BEGIN RECORDS FOR PROCESSING

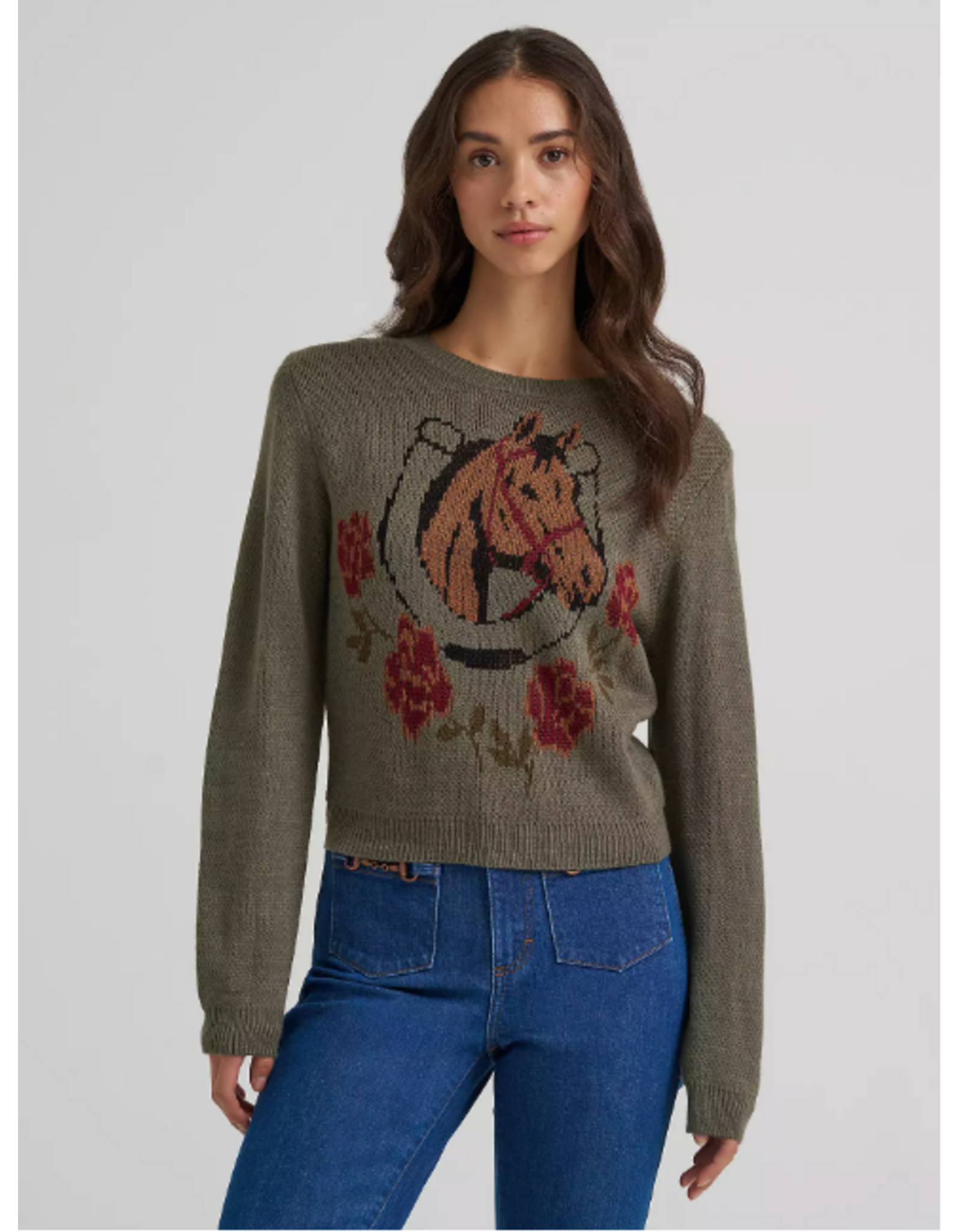 SWEATER WMS WRANGLER GREEN HORSE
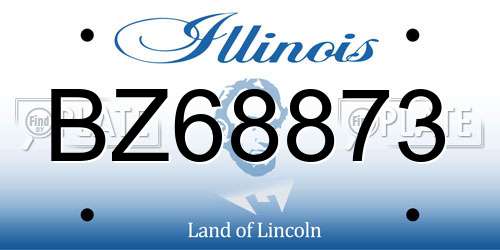 BZ68873 Illinois License Plate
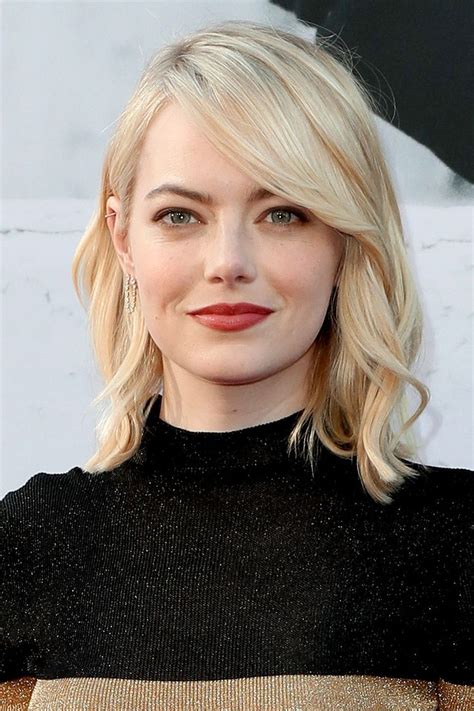 31 fringe hairstyles for some major inspiration | Face shape hairstyles, Emma stone hair, Hair ...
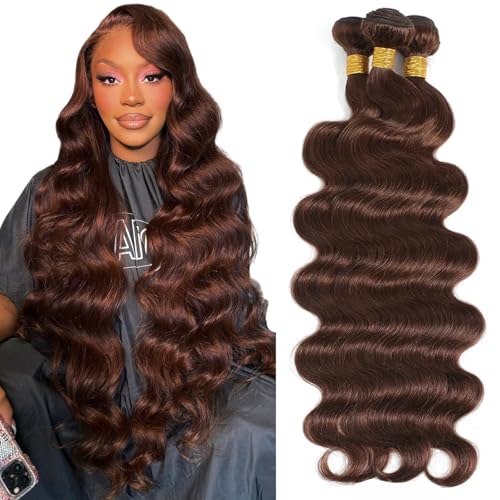 Brown Human Hair Bundles Body Wave 24 26 28 inch 100% Unprocessed Brazilian Virgin Hair Extensions 12A Quick Weave Bundles Human Hair Double Weft #4 Chocolate Brown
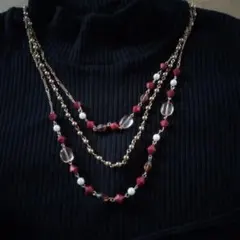 ロング　三連　ネックレス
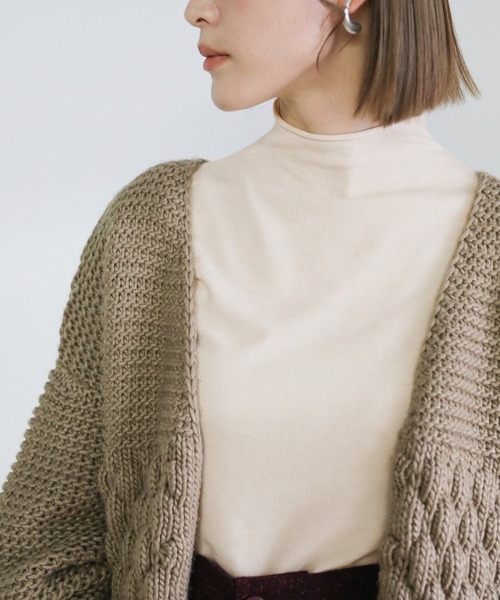 select MOCA（セレクトモカ）の「プチハイネックカットオフニットトップス（ニット/セーター・レディース・グリーン/パープル/ブラック/ホワイト・FREE）」の15枚目の写真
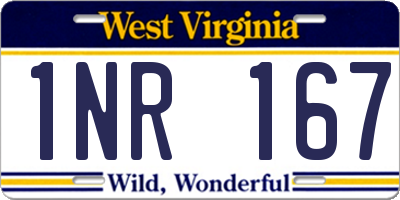 WV license plate 1NR167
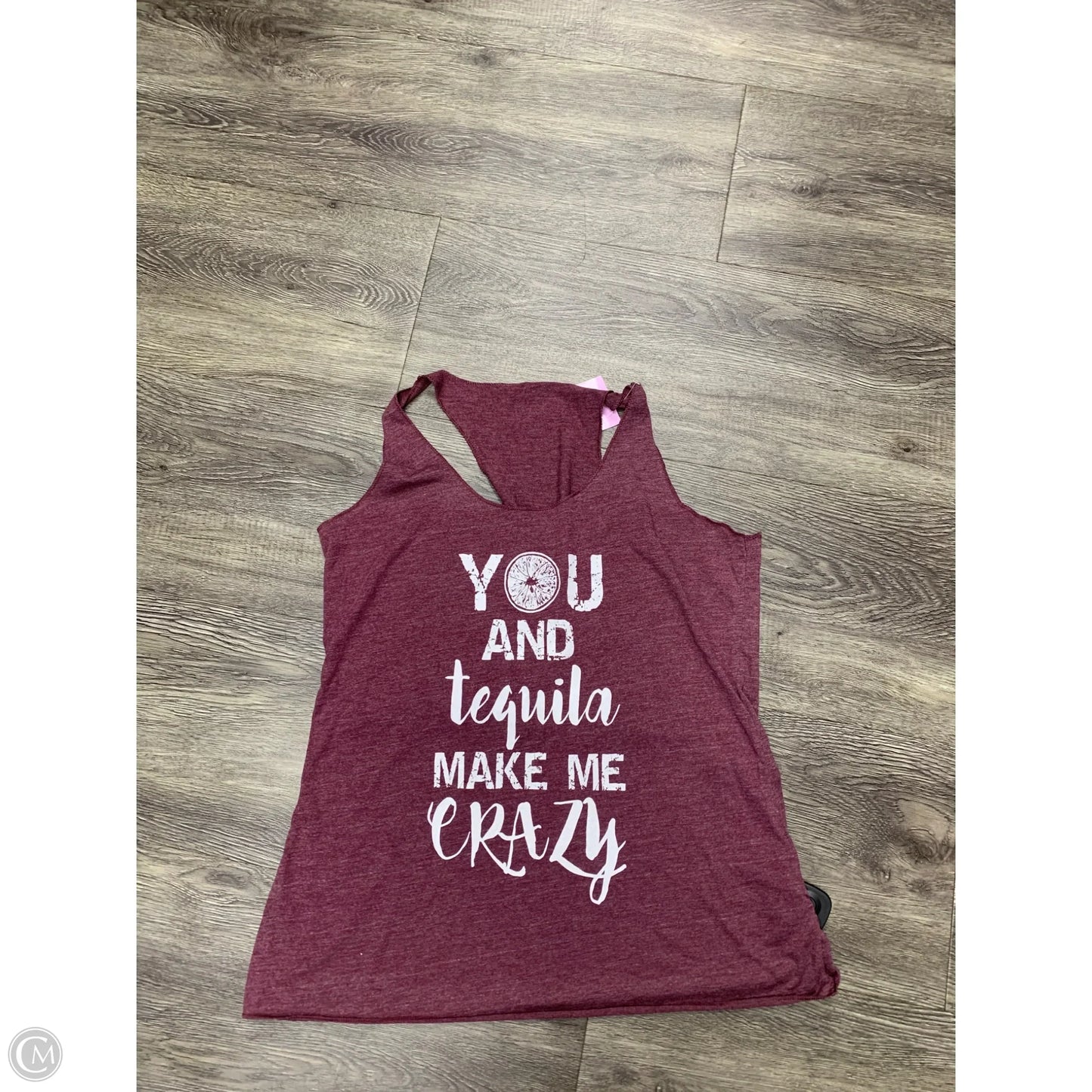 Top Sleeveless By Cmf In Maroon, Size: M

END RECORDS FOR PROCESSING

AIM OF THE TASK:
Pictures stay out. Return exactly the lines from the one with "Brown Human Hair" through the last line of the data.

WRITTEN ANSWER:
 Brown Human Hair Bundles Body Wave 24 26 28 inch 100% Unprocessed Brazilian Virgin Hair Extensions 12A Quick Weave Bundles Human Hair Double Weft #4 Chocolate Brown
 ロング　三連　ネックレス
 select MOCA（セレクトモカ）の「プチハイネックカットオフニットトップス（ニット/セーター・レディース・グリーン/パープル/ブラック/ホワイト・FREE）」の15枚目の写真
 WV license plate 1NR167
 Top Sleeveless By Cmf In Maroon, Size: M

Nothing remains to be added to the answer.